There’s New Hope About Ending Blindness

August 25, 2016

From the day Christian Guardino was born, his mother, Elizabeth, knew that something was wrong with his eyes. They would jiggle and jerk and roll up into his head. One eye turned inward. When she fed him, instead of gazing up at her, Christian would stare at the brightest light around—a lamp if they were indoors, the sun if they were out. It was unsettling.

The first eye doctor who saw Christian grimly referred the family to a specialist at New York’s Mount Sinai Hospital. The specialist performed an electroretinogram (ERG), a procedure in which a tiny electronic sensor placed on the eye measures the retina’s response to bursts of light. A healthy retina will respond by firing an electrical signal down the optic nerve that produces, on the ERG machine’s printout, a deep valley followed by a tall peak. Christian’s ERG produced no such thing: only squiggles, ill-formed and weak.

Christian, the doctor told Elizabeth, had a retinal disease called Leber congenital amaurosis (LCA). His vision, already bad, would never significantly improve. Nothing could be done. The boy would see little of the world and would always walk, once he learned how, with a cane.

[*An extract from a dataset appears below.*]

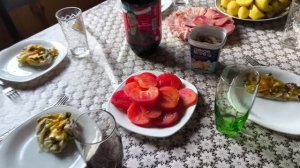 Мой день рождения, в кругу семьи.
Скромный обед. Не то время чтобы праздновать.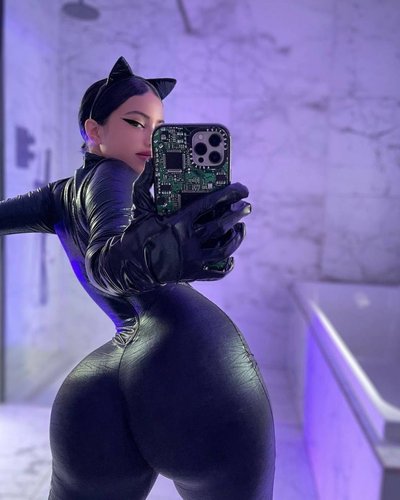 Голая Gina Savage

Christian did need a cane, and his mother’s guiding hand, when in 2012, at age 12, he first visited a clinic run by the University of Pennsylvania’s Scheie Eye Institute. Yet this January he walked through the institute’s main building cane free and seemingly fearless. Joking and chatting, the teen led a klatch of Ph.D.’s, M.D.’s, lab techs, and me through the airy lobby. He marveled at the towering atrium, the shiny balconies where people sat having coffee.

“Whoa!” he said as we neared the building’s exit—for before us an enormous revolving door turned its huge blades. His mother was some distance behind; he was on his own. Christian neither stopped nor paused. He walked calmly through the opening of the spinning wedge of steel and glass and held his pace as one glass wall closed behind him and another smoothly swung out of his way. He stepped into the sunlight.

Christian Guardino could see. Everything that had posed an obstacle before—light and dark, steel and glass, the mobile and the immovable—now brought him pleasure. The world had opened before him.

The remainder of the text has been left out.